METHODOLOGY/PRINCIPAL FINDINGS: This retrospective case-control study aimed to identify risk factors for MDR-TB, and analyse the impact of testing for rifampicin resistance using RNA polymerase B (rpoB) mutations as a surrogate for MDR-TB. Forty two MDR-TB cases and 84 fully sensitive TB controls were matched by date of diagnosis; and factors including demographics, clinical presentation, microbiology findings, management and outcome were analysed using their medical records. Conventionally recognised risk factors for MDR-TB were absent in almost half (43%) of the cases, and 15% of cases were asymptomatic. A significant number of MDR-TB cases were identified in new entrants to the country. Using rpoB mutation testing, the time to diagnosis of MDR-TB was dramatically shortened by a median of 6 weeks, allowing patients to be commenced on appropriate therapy a median of 51days earlier than those diagnosed by conventional culture and sensitivity testing.
CONCLUSIONS/SIGNIFICANCE: MDR-TB is frequently an unexpected finding, may be asymptomatic, and is particularly prevalent among TB infected new entrants to the country. Molecular resistance testing of all acid fast bacilli positive specimens has the potential to rapidly identify MDR-TB patients and commence them on appropriate therapy significantly earlier than by conventional methods.
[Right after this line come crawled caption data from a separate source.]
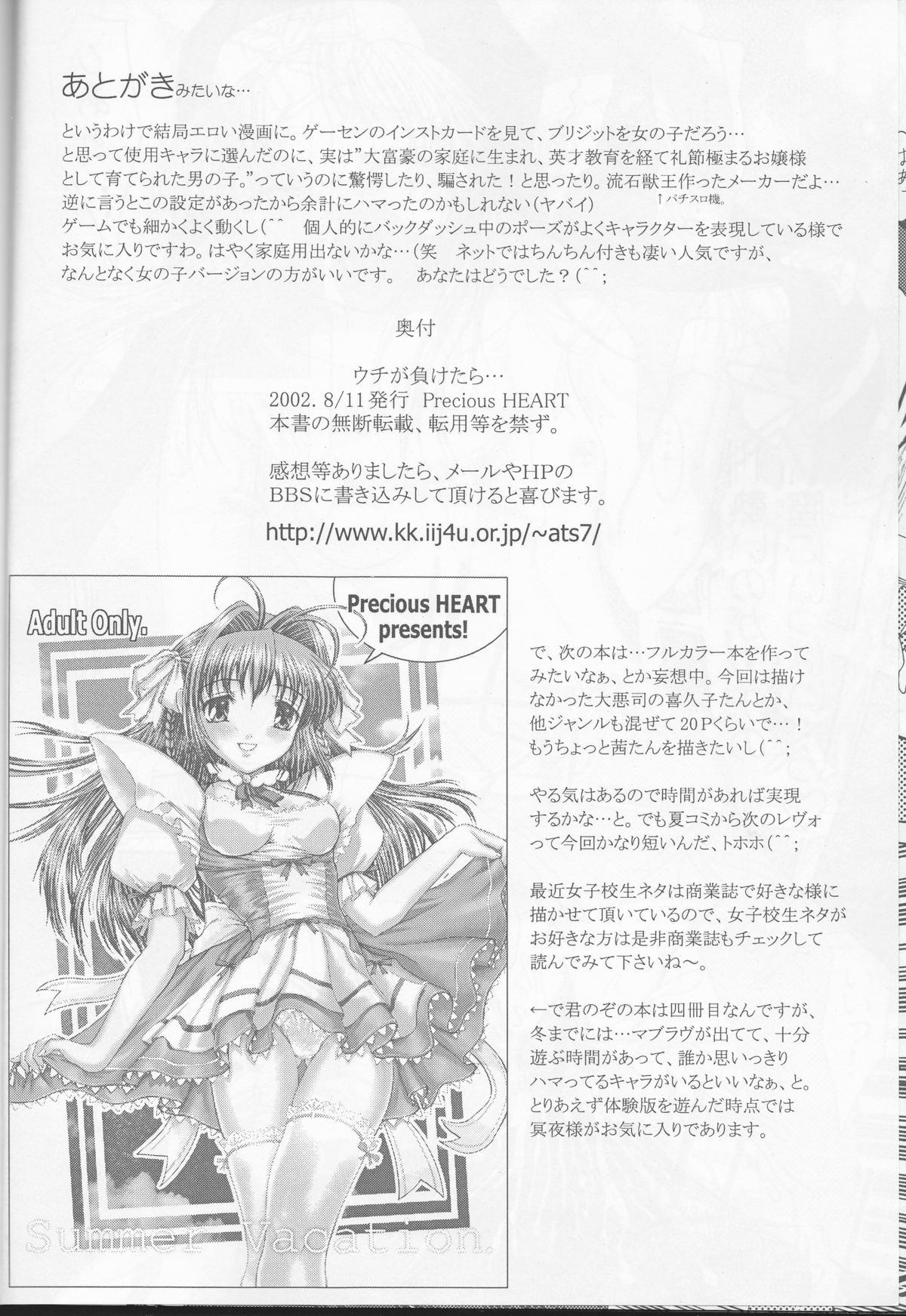 (C62) [Precious HEART (山﨑あつし)] ウチが負けたら… (ギルティギア)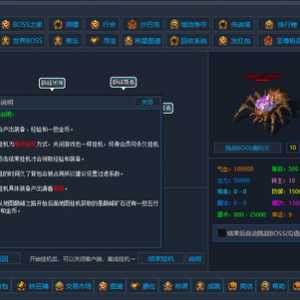 文字放置传奇（摸鱼放置类游戏） 你需要做的就是挂机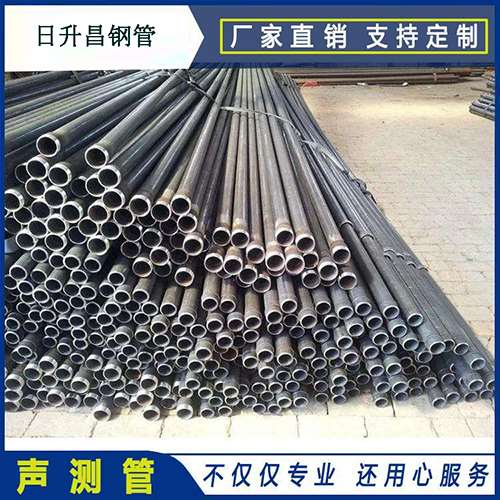 火炬开发区街道法兰式声测管厂家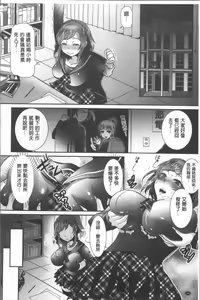 Page 170 of Kanojo no Sukima wa Boku no Katachi - Her gap is my shape - preview thumbnail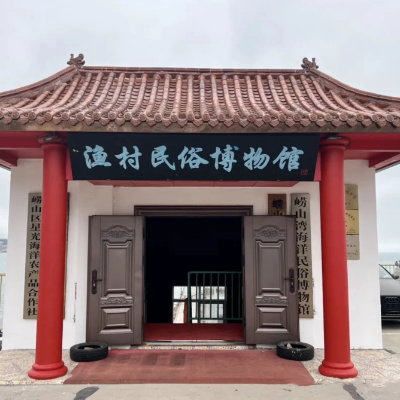 青岛崂山湾渔村民俗博物馆照片与代表馆藏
耐多药结核病(MDR-TB)是一个重大的公共卫生问题,因为诊断往往延迟,增加了传播给社区和医护人员的风险。治疗时间延长,治疗单个病例的总成本很高。传统上,诊断依赖于基于风险因素的临床怀疑以及进行敏感性测试的培养,这一过程可能需要数周或数月。快速诊断分子技术有可能缩短开始适当治疗的时间,但尚未在现场条件下进行测试。
方法/主要发现:这项回顾性病例对照研究旨在确定耐多药结核病的风险因素,并分析使用RNA聚合酶B(rpoB)突变检测利福平耐药性作为耐多药结核病替代指标的影响。42例耐多药结核病病例和84例完全敏感的结核病对照按诊断日期进行匹配;并使用他们的病历分析包括人口统计学、临床表现、微生物学结果、管理和结局等因素。几乎一半(43%)的病例不存在传统上公认的耐多药结核病风险因素,15%的病例无症状。在该国的新入境者中发现了大量耐多药结核病病例。使用rpoB突变检测,耐多药结核病的诊断时间显著缩短,中位数缩短了6周,使患者比通过传统培养和敏感性测试诊断的患者平均提前51天开始适当治疗。
结论/意义:耐多药结核病常常是一个意外发现,可能无症状,在该国新感染结核病的入境者中尤为普遍。对所有抗酸杆菌阳性标本进行分子耐药性检测有可能快速识别耐多药结核病患者,并比传统方法更早地让他们开始适当治疗。